Air Sahara may phase out business class from several sectors, barring Mumbai-Delhi, and a few other metro routes.
Sources also said that the load factor of Air Saharas business class is dismally low and it could capitalise on the growing market by converting into an all economy class carrier.
Analysts feel that it would be very difficult for Air Sahara to convert from a full-service to a low-cost operating model because low-cost carriers work on completely different aircraft configuration and cost structures. Most low-cost carriers, for instance, fly with single aircraft types across their entire fleet. Their operations are also tuned to minimal operational expenses, unlike full service carriers like Air Sahara.
Jet Airways' aborted deal to acquire Air Sahara has left the latter vulnerable, with its market share dipping in a highly competitive market. It also faces the difficult prospect of rebuilding the airline since several of its aircraft are currently grounded. Air Sahara's market share has dipped from 13% when Jet Airways announced its takeover plans to 8% as of now.

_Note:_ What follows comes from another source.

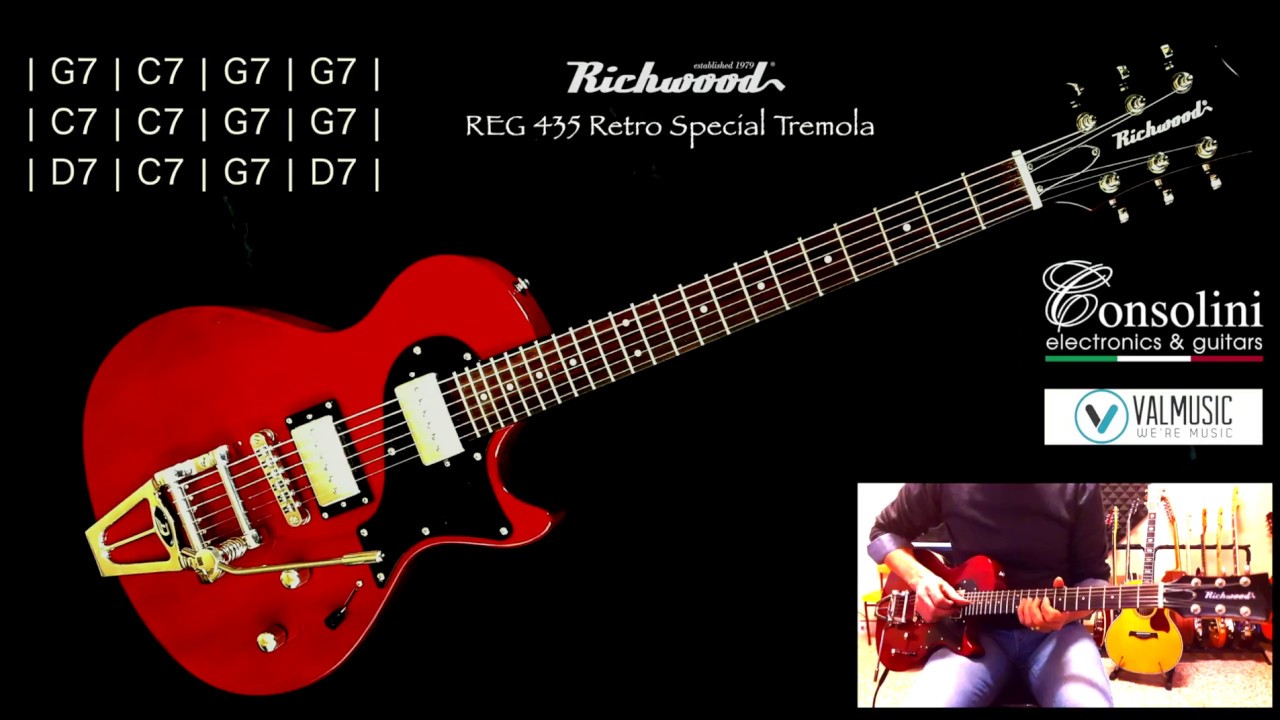 Blues Guitar - G backing Track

While Air Sahara is fighting a legal battle with Jet over the failed acquisition deal, the airline is keen on expanding routes and fleet size. The airline has recently announced operations to 14 new destinations and has placed orders with Boeing company for purchase of ten Boeing 737-800 passenger jets worth $700 million. The airline has also envisaged having the largest network and a market share of 12-13 % by 2007.